By John Crabtree, former staff member

Citizens are told that their long-held values are getting in the way of progress, or that the family farm is obsolete. But the truth is just the opposite: Corporate farming is destroying our present; the family farm is our future…

Willie Nelson and Sarah Vogel (Grand Forks (ND) Herald Op-Ed, June 8, 2016… also published in the Fargo (ND) Forum)*

On June 14, North Dakota voters will have the opportunity to protect North Dakota’s proud heritage of family farm and ranch agriculture by voting NO on Measure #1 to preserve North Dakota’s corporate farming law.

I’ve written, many times, about the importance of state anti-corporate farming laws.
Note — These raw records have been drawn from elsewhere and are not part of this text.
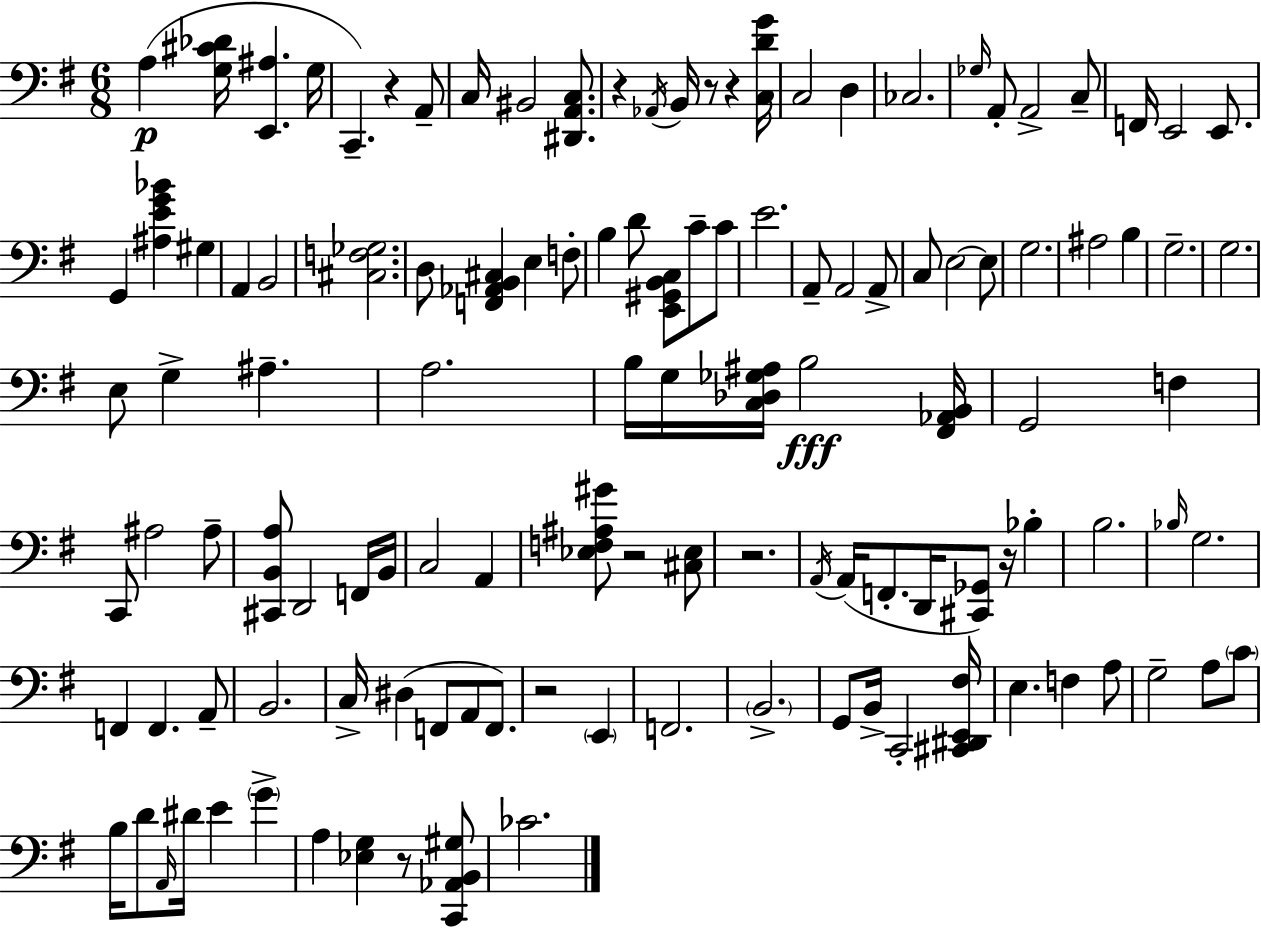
X:1
T:Untitled
M:6/8
L:1/4
K:Em
A, [G,^C_D]/4 [E,,^A,] G,/4 C,, z A,,/2 C,/4 ^B,,2 [^D,,A,,C,]/2 z _A,,/4 B,,/4 z/2 z [C,DG]/4 C,2 D, _C,2 _G,/4 A,,/2 A,,2 C,/2 F,,/4 E,,2 E,,/2 G,, [^A,EG_B] ^G, A,, B,,2 [^C,F,_G,]2 D,/2 [F,,_A,,B,,^C,] E, F,/2 B, D/2 [E,,^G,,B,,C,]/2 C/2 C/2 E2 A,,/2 A,,2 A,,/2 C,/2 E,2 E,/2 G,2 ^A,2 B, G,2 G,2 E,/2 G, ^A, A,2 B,/4 G,/4 [C,_D,_G,^A,]/4 B,2 [^F,,_A,,B,,]/4 G,,2 F, C,,/2 ^A,2 ^A,/2 [^C,,B,,A,]/2 D,,2 F,,/4 B,,/4 C,2 A,, [_E,F,^A,^G]/2 z2 [^C,_E,]/2 z2 A,,/4 A,,/4 F,,/2 D,,/4 [^C,,_G,,]/2 z/4 _B, B,2 _B,/4 G,2 F,, F,, A,,/2 B,,2 C,/4 ^D, F,,/2 A,,/2 F,,/2 z2 E,, F,,2 B,,2 G,,/2 B,,/4 C,,2 [^C,,^D,,E,,^F,]/4 E, F, A,/2 G,2 A,/2 C/2 B,/4 D/2 A,,/4 ^D/4 E G A, [_E,G,] z/2 [C,,_A,,B,,^G,]/2 _C2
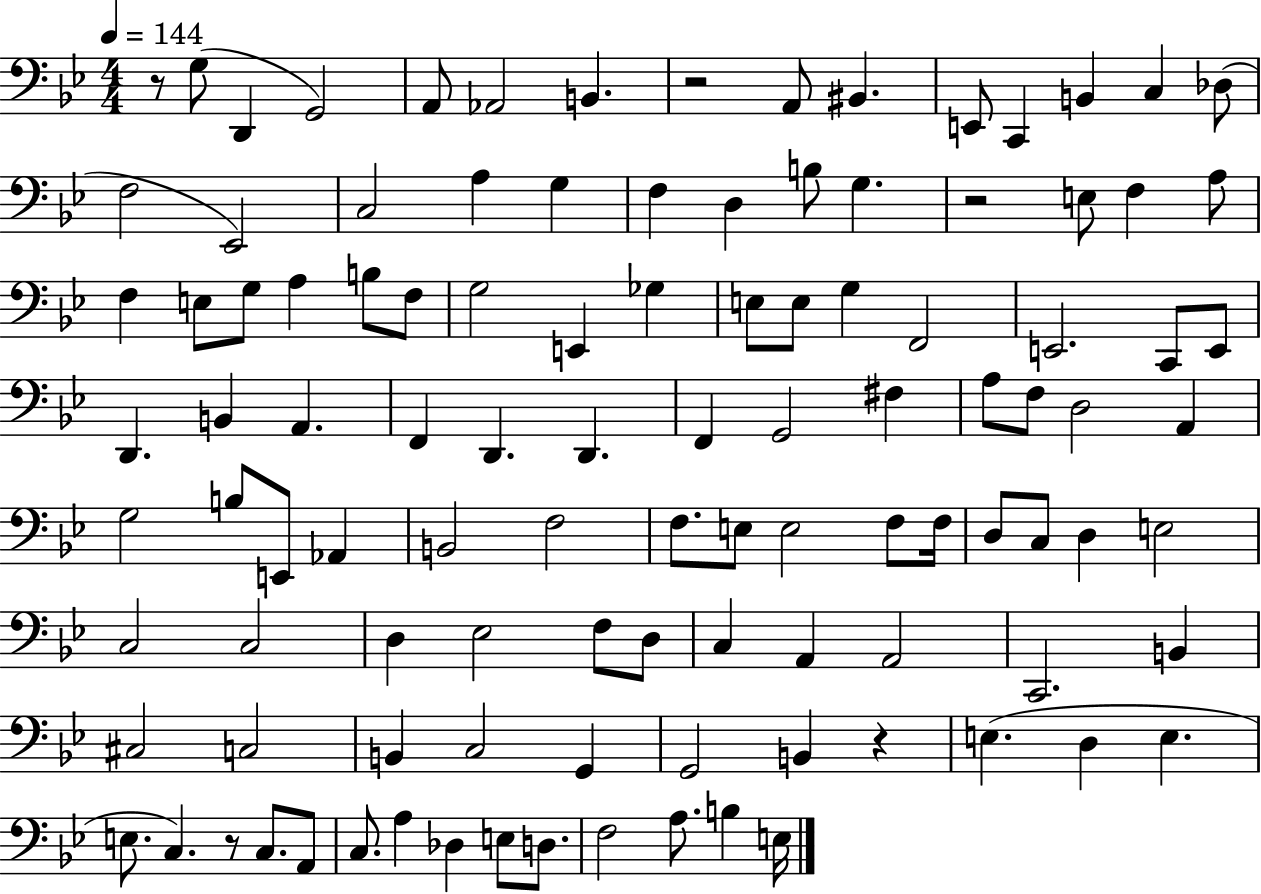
X:1
T:Untitled
M:4/4
L:1/4
K:Bb
z/2 G,/2 D,, G,,2 A,,/2 _A,,2 B,, z2 A,,/2 ^B,, E,,/2 C,, B,, C, _D,/2 F,2 _E,,2 C,2 A, G, F, D, B,/2 G, z2 E,/2 F, A,/2 F, E,/2 G,/2 A, B,/2 F,/2 G,2 E,, _G, E,/2 E,/2 G, F,,2 E,,2 C,,/2 E,,/2 D,, B,, A,, F,, D,, D,, F,, G,,2 ^F, A,/2 F,/2 D,2 A,, G,2 B,/2 E,,/2 _A,, B,,2 F,2 F,/2 E,/2 E,2 F,/2 F,/4 D,/2 C,/2 D, E,2 C,2 C,2 D, _E,2 F,/2 D,/2 C, A,, A,,2 C,,2 B,, ^C,2 C,2 B,, C,2 G,, G,,2 B,, z E, D, E, E,/2 C, z/2 C,/2 A,,/2 C,/2 A, _D, E,/2 D,/2 F,2 A,/2 B, E,/4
And I urge all our North Dakota friends to vote for family farmers and ranchers by voting NO on Measure #1 on Tuesday, June 14. However, instead of going on at length about why you should vote NO on Measure #1, I think that today I’ll borrow the words of my good friends Sarah and Willie (courtesy of the Grand Forks Herald and the Fargo Forum, that both published their Op-Ed this week).

Why fight for family farmers? Because family farmers are stewards of the land, key threads in the fabric of our rural communities and local economies. They support us in ways that can't be done by distant corporations that are looking out first and foremost for their own bottom line.

North Dakota is unique in its commitment to family farm agriculture. For 84 years, that commitment has been enshrined in a state law affirming that our land belongs in the hands of people, and that farming should stay in the family—not corporations.

Measure 1 attacks that commitment and the very soul of North Dakota.

Efforts to undo long-standing laws such as North Dakota's anti-corporate farming law are about increasing corporate profits and the control of corporations over our farm and food system. It's about hastening farm consolidation and squeezing every profit possible out of the soil, water, animals and people of rural America in order to fill Wall Street's coffers.

It is yet another step in a long push to remove family farms from the American landscape.

Thanks Sarah, thanks Willie, for reminding all of us what is most important about this fight. The eyes of rural and small town Americans everywhere are upon North Dakota as the you approach this crucial vote on June 14.

While many believe that family farmers and ranchers, led by North Dakota Farmers Union, are winning this battle, one thing remains certain—we need your vote, and the votes of thousands of North Dakotans like you, to preserve North Dakota’s family farm and ranch legacy.

Get out and vote, and vote NO on Measure #1… run with the little guys, you’ll never regret it, that I promise you… John Crabtree, Center for Rural Affairs

* Singer, songwriter, actor and activist Nelson is president of Farm Aid, farmaid.org. In 1989, he was named an honorary North Dakota Centennial Farmer. Vogel is a former two-term North Dakota commissioner of agriculture and has been working as a lawyer for family farmers and ranchers in North Dakota and elsewhere since the 1980s.